● **WORK INSTRUCTIONS**
Take the data below and copy exactly the lines starting at the one with "Louis Vuitton Damier" and finishing at the one with "Green Photo 13", both included.

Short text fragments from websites
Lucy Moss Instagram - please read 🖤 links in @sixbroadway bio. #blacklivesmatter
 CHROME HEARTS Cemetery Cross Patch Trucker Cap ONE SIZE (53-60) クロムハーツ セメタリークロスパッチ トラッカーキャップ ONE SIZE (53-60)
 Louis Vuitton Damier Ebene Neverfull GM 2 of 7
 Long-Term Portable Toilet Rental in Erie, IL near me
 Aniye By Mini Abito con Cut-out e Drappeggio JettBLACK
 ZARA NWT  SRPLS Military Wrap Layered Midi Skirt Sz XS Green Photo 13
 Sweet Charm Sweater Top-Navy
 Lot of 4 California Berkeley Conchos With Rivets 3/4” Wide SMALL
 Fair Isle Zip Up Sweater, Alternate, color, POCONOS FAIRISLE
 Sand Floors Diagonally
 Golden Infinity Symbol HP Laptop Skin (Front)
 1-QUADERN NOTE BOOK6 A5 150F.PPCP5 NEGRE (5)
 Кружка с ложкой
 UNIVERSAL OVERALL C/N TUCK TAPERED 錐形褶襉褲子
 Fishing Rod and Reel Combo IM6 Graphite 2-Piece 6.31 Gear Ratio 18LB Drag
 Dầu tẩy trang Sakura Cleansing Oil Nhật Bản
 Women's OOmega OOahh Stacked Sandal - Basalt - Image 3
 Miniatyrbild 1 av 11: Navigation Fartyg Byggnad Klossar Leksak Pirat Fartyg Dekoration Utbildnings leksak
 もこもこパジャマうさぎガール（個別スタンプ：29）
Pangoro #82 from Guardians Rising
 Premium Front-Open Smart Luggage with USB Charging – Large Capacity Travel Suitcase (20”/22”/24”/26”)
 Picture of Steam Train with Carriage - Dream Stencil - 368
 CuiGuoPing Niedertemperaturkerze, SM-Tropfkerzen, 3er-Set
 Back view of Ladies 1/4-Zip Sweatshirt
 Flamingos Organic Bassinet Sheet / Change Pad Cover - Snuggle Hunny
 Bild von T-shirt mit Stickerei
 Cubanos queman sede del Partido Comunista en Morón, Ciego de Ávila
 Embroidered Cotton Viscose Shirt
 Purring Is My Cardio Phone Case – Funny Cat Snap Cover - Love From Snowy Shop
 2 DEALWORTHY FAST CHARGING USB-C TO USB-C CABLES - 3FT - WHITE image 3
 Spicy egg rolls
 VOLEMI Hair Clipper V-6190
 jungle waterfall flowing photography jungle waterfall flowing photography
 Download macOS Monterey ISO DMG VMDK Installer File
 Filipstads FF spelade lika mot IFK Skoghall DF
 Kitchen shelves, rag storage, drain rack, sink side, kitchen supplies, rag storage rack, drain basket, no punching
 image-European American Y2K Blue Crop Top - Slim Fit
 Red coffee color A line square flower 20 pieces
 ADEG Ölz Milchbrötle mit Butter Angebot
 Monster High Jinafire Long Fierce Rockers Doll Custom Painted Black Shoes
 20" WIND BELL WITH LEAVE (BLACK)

● **RESULT**
 Louis Vuitton Damier Ebene Neverfull GM 2 of 7
 Long-Term Portable Toilet Rental in Erie, IL near me
 Aniye By Mini Abito con Cut-out e Drappeggio JettBLACK
 ZARA NWT  SRPLS Military Wrap Layered Midi Skirt Sz XS Green Photo 13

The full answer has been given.